Ward, whom NPR recently declared “is going to be a star,” and whose vocal prowess Rolling Stone has praised as being “chill-inducing,” has been gradually working her way into the music scene since she began performing for her father’s blues band at age 13. Growing up in rural Oregon, her love of hip-hop and rap eventually took her to the nearby college town of Eugene, where she sang choruses at underground hip-hop clubs for local rappers. Despite these experiences though, she struggled to reconcile her love of blues, hip-hop, soul and rock on a professional level.
“It took me a while to embrace the sort of music I wanted to make and accept that making it for myself was enough,” Ward says. “I just wanted to write songs that I loved, so that’s what I did on this record.”
Ward’s honey-smoked vocals and soulful lyrics ensnare you from the opening moments of the stomping title track and hold you in their hypnotic sway clear through the final notes of the cool, R&B-flavored “365 Days.” The album features thirteen tracks ranging from heartfelt ballads (“Last Love Song”) to groovy up-tempo numbers (“Move Like U Stole It”), and includes guest appearances by rising hip-hop star Kendrick Lamar and rapper Freddie Gibbs. Bluesy ditties like “Lil Darlin” sound like something you might hear in a dive bar, and the funky hip-hop track “Charlie Ain’t Home,” acts as an imaginative reply to Etta James’s “Waiting on Charlie.” The maverick sensibilities which appear throughout this show-stopping record have also earned Ward’s music a nickname—Dirty Shine—which she happily embraces.
“What dirty shine means to me, personally, was the moment I stopped thinking about what people were gonna think about my music, and I just accepted who I was and what my sound was,” Ward says. “It’s about embracing your authentic self, doing what makes you happy and committing to it.

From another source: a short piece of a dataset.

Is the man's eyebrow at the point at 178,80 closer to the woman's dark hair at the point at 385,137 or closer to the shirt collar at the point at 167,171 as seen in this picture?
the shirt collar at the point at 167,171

That’s the message people have been getting from that phrase, so it’s inspiring.”
2013 is promising to be even busier for Ward. She recently appeared on Conan, is co-headlining The Fire and Shine Tour with Delta Rae, and will be performing at SXSW, where she first introduced herself as an artist to watch out for last year. If you thought 2012 was a great year for Ward, 2013 is going to prove the best is yet to come.